Politics | A third-party candidate picks up endorsements and momentum in New York's 23rd district congressional race

NEW YORK-A third-party candidate is surging in upstate New York, riding a swelling conservative distaste for liberal Republicans and, his supporters say, sending a message to the Republican Party.

New York's 23rd congressional district winner will replace Republican John McHugh, President Obama's appointed Secretary of the Army. The district should have easily gone to Republican candidate Dede Scozzafava but many conservatives, wary of Scozzafava's support of same-sex marriage and her Margaret Sanger award from Planned Parenthood, have thrown their weight behind Conservative Party candidate Doug Hoffman. In the last few weeks, he's built national and grassroots support-and also has raked in cash.

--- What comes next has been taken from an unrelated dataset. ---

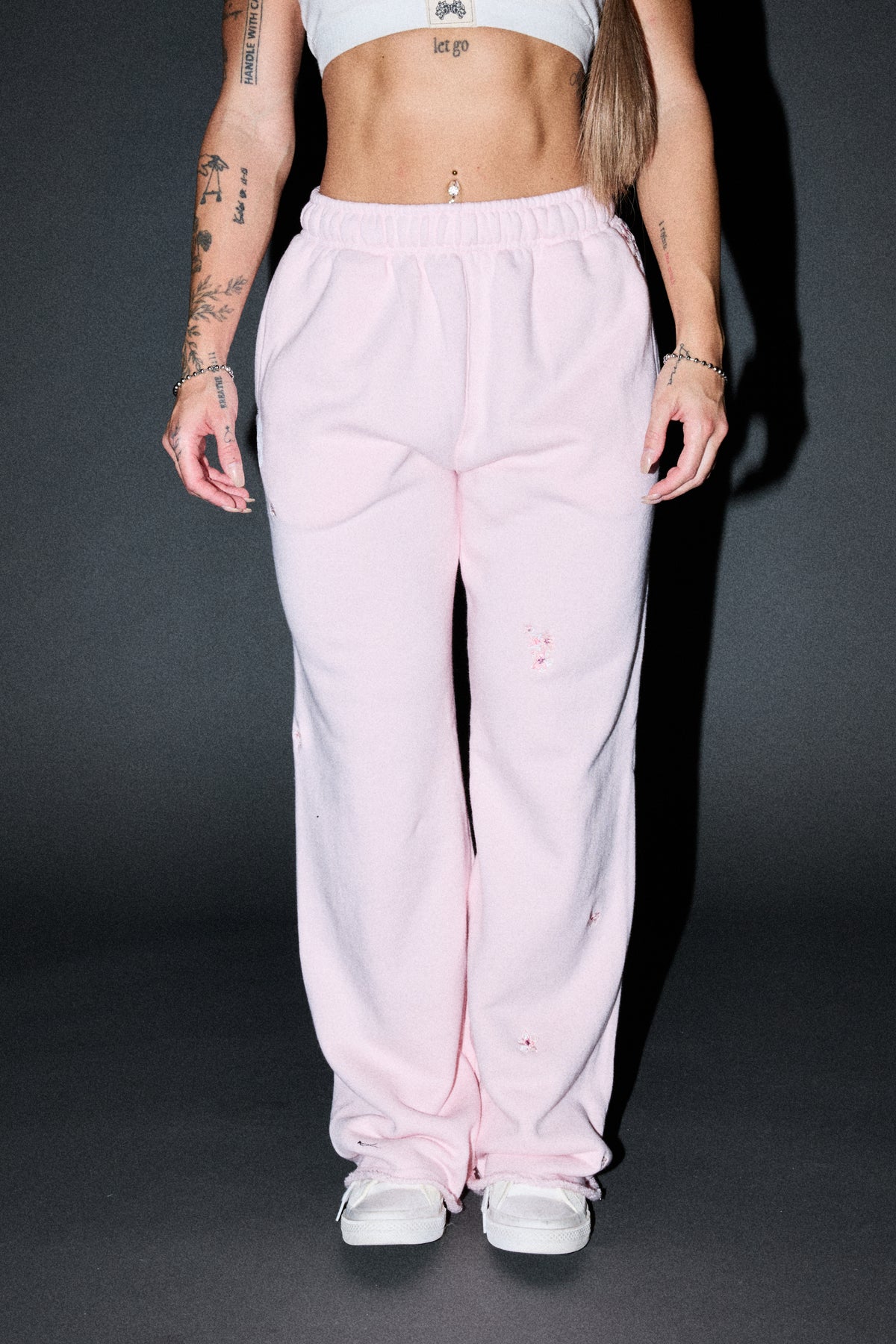 Dual Wolf Sakura Premium Big Cozy Sweats In Blush Pink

Both social and fiscal conservatives have backed Hoffman, including American Values president Gary Bauer, the Club for Growth, and former Alaska Gov. Sarah Palin. This past weekend, former GOP Sen. Rick Santorum tapped Hoffman as his choice, with Minnesota Gov. Tim Pawlenty following suit. Prominent Republicans Steve Forbes and Fred Thompson, the National Organization for Marriage, and the Concerned Women for America PAC have all backed him, too. In the New York Post's endorsement of Hoffman, it called Scozzafava "the product of an obscenely corrupt political bargain by GOP bosses that sells out their party-and New Yorkers generally."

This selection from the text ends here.